Input data:
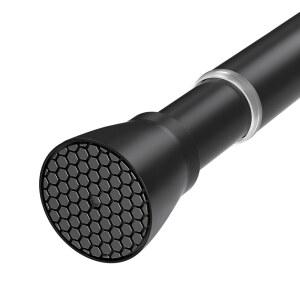 QINGYUN 블랙 텐션 커튼봉 28 48인치 스프링봉 창문 욕실 옷장 주방용 드릴링 조절 가능한 샤워 커튼봉 없음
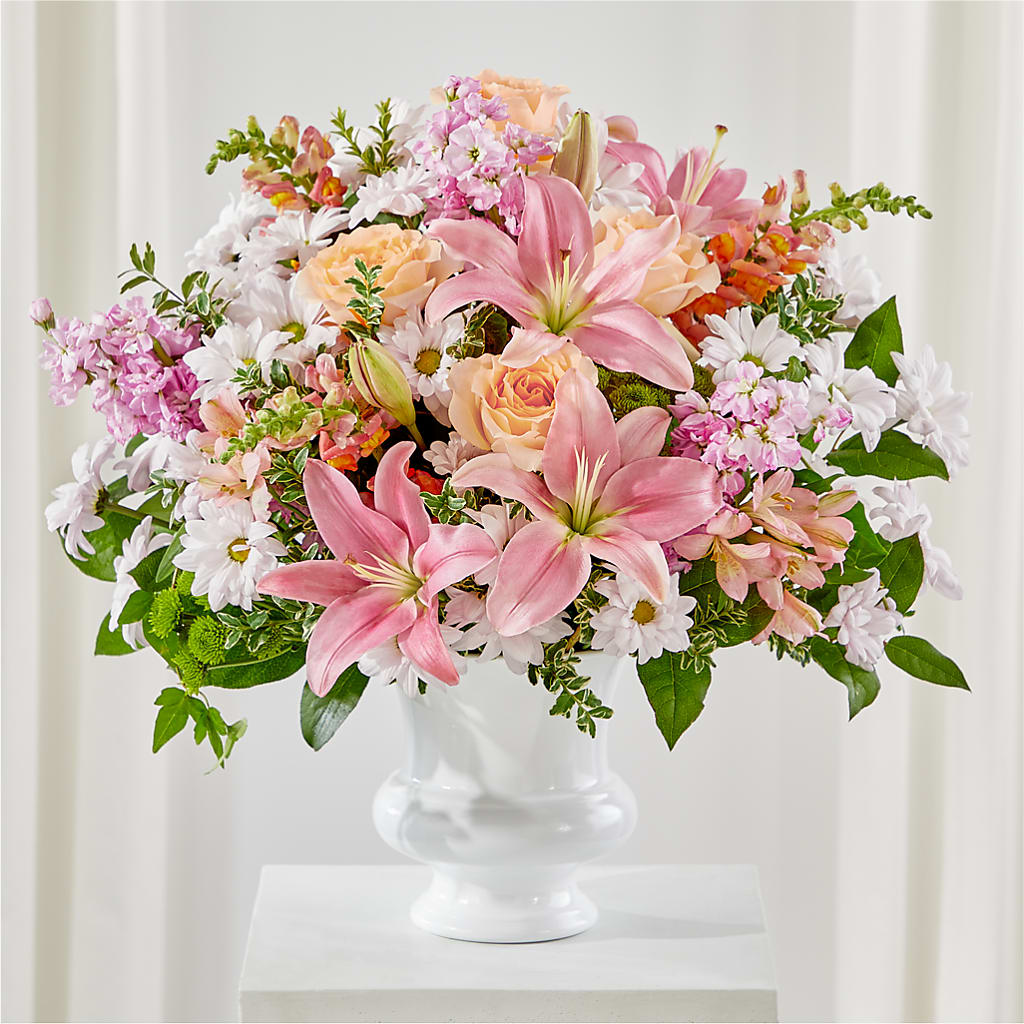 Heartfelt Gesture Urn Arrangement – Cg Rain Florist, Cedar Grove NJ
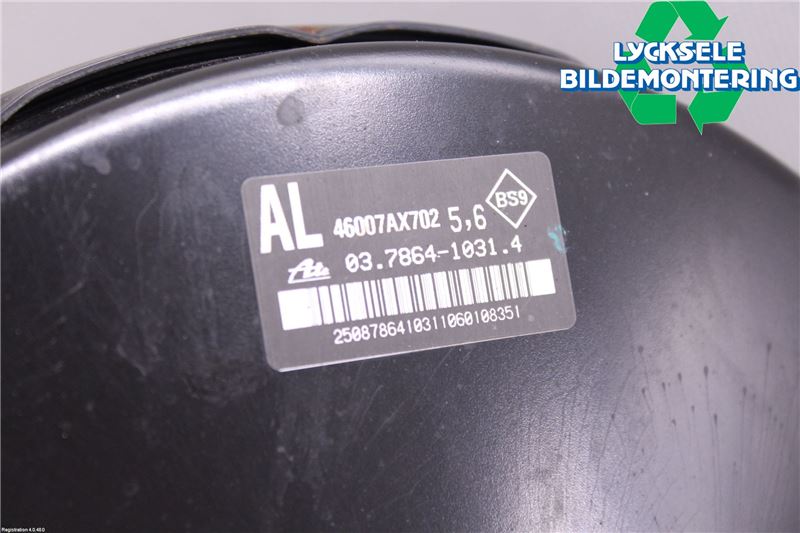 Nissan MICRA 08-10 Bromsservo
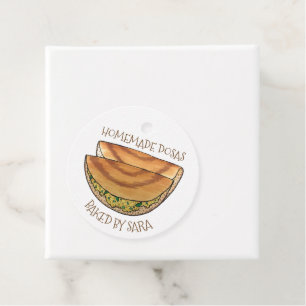 Hausgemachte Dosas indische Masala Dosa gebacken v Geschenkanhänger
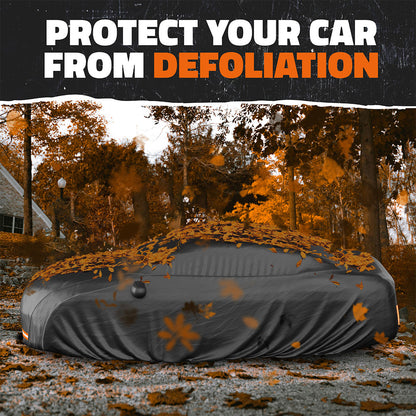 Heavy Duty Waterproof Sedan Covers - Cotton Lined
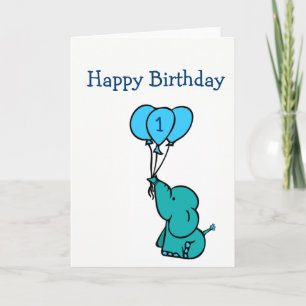Cartão de Aniversário Personalizado - Elefante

About this task:
Restate word for word the lines from the line with "Nissan MICRA 08-10 Bromsservo" to the last line of the records above, inclusive, and omit every picture.

Response:
 Nissan MICRA 08-10 Bromsservo
 Hausgemachte Dosas indische Masala Dosa gebacken v Geschenkanhänger
 Heavy Duty Waterproof Sedan Covers - Cotton Lined
Cartão de Aniversário Personalizado - Elefante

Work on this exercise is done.